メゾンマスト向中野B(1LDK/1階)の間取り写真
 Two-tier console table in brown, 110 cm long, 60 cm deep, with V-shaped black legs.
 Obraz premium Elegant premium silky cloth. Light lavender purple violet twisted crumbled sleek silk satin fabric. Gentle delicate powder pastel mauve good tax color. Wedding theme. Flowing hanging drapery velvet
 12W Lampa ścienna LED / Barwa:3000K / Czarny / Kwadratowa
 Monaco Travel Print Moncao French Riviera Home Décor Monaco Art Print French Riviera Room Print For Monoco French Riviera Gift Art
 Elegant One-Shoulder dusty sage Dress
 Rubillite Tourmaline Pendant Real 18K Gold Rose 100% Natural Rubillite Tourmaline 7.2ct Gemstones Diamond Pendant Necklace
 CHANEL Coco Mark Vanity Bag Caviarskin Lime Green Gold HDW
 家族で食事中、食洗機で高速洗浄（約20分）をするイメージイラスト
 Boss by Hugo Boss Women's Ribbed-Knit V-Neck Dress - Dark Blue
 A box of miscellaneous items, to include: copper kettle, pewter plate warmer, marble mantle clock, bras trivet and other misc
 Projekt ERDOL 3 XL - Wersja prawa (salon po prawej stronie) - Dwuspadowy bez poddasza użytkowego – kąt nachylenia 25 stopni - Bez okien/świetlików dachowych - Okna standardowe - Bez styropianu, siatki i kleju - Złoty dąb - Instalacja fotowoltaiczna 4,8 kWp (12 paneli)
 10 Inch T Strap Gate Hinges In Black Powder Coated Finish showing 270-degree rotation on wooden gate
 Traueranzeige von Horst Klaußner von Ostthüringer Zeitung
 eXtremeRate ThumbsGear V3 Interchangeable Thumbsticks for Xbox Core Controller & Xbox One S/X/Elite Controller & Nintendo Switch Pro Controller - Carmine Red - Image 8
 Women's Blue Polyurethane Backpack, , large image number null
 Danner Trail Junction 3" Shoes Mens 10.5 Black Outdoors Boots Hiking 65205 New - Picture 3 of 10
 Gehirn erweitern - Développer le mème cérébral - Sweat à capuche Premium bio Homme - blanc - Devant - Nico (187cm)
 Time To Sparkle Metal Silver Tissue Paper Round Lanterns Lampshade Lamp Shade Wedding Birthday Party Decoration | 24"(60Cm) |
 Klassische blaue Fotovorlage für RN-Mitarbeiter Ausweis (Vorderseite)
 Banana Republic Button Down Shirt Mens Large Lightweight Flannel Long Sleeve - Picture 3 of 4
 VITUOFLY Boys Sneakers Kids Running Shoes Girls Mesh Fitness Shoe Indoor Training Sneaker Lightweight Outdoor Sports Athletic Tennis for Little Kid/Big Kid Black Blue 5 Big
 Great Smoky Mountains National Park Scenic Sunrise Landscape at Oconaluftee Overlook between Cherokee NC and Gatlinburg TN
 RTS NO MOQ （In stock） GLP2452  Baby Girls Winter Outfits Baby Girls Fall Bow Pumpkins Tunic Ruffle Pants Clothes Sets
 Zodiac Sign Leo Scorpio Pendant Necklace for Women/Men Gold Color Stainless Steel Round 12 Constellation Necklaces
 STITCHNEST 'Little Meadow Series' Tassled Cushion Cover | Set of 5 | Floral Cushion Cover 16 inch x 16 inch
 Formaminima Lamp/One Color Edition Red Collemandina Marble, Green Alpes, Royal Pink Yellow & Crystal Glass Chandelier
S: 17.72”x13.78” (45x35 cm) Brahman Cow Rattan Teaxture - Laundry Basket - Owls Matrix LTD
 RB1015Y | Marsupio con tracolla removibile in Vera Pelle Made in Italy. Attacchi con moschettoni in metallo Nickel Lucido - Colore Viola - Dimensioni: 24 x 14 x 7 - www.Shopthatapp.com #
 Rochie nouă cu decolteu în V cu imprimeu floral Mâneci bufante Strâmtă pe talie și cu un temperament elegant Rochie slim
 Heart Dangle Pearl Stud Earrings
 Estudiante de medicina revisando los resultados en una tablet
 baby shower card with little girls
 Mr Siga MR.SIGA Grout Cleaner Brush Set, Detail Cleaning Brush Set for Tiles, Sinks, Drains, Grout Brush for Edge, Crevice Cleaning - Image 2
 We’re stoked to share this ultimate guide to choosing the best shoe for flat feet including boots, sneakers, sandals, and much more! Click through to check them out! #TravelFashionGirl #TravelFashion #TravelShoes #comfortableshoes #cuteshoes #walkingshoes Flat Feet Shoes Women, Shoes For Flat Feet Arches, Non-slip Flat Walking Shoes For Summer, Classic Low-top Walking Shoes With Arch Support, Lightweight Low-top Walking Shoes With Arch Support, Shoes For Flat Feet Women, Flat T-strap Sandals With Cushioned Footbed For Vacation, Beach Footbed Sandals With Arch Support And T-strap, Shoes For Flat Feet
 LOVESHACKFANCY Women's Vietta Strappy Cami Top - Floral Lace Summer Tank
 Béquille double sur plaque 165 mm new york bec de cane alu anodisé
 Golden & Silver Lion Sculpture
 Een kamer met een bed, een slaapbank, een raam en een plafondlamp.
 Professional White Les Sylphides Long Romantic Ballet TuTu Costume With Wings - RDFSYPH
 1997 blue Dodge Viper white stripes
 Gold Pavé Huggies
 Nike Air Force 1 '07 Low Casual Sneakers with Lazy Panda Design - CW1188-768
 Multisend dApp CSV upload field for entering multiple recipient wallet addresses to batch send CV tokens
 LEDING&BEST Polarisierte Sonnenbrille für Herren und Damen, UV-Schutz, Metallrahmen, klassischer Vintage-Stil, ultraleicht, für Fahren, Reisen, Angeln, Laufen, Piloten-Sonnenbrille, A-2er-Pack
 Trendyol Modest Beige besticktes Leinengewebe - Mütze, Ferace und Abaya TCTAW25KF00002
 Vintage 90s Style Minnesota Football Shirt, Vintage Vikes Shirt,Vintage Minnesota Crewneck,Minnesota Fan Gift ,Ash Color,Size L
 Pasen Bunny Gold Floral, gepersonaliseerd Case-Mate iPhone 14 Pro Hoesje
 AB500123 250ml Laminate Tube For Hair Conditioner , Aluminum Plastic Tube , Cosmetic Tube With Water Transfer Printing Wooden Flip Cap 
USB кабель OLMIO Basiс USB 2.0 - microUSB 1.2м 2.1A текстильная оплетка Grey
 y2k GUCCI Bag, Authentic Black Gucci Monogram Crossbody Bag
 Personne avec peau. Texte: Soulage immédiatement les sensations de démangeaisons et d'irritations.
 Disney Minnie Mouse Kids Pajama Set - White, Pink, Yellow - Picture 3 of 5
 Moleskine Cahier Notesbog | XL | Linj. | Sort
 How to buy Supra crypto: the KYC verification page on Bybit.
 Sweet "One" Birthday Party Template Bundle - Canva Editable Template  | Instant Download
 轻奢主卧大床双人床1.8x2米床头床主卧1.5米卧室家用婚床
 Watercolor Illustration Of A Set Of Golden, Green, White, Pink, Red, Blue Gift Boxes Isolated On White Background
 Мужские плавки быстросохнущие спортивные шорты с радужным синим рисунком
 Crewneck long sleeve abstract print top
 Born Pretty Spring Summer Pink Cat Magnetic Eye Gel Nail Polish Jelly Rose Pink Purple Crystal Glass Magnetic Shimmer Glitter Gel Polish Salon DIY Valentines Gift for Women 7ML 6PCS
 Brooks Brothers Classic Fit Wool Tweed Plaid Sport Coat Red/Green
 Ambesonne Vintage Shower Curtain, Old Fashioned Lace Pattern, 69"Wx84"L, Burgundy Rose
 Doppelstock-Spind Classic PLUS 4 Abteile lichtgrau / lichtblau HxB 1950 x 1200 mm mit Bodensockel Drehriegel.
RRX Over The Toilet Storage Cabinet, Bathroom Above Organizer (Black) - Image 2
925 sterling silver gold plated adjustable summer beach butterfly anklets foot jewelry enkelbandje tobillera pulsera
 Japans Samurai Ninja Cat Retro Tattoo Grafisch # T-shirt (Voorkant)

::::

### Description of the task:
Using the data above, repeat exactly the lines that begin at the line with "Estudiante de medicina" and end at the line with "Mr Siga MR.SIGA", both ends included.

### Task output:
 Estudiante de medicina revisando los resultados en una tablet
 baby shower card with little girls
 Mr Siga MR.SIGA Grout Cleaner Brush Set, Detail Cleaning Brush Set for Tiles, Sinks, Drains, Grout Brush for Edge, Crevice Cleaning - Image 2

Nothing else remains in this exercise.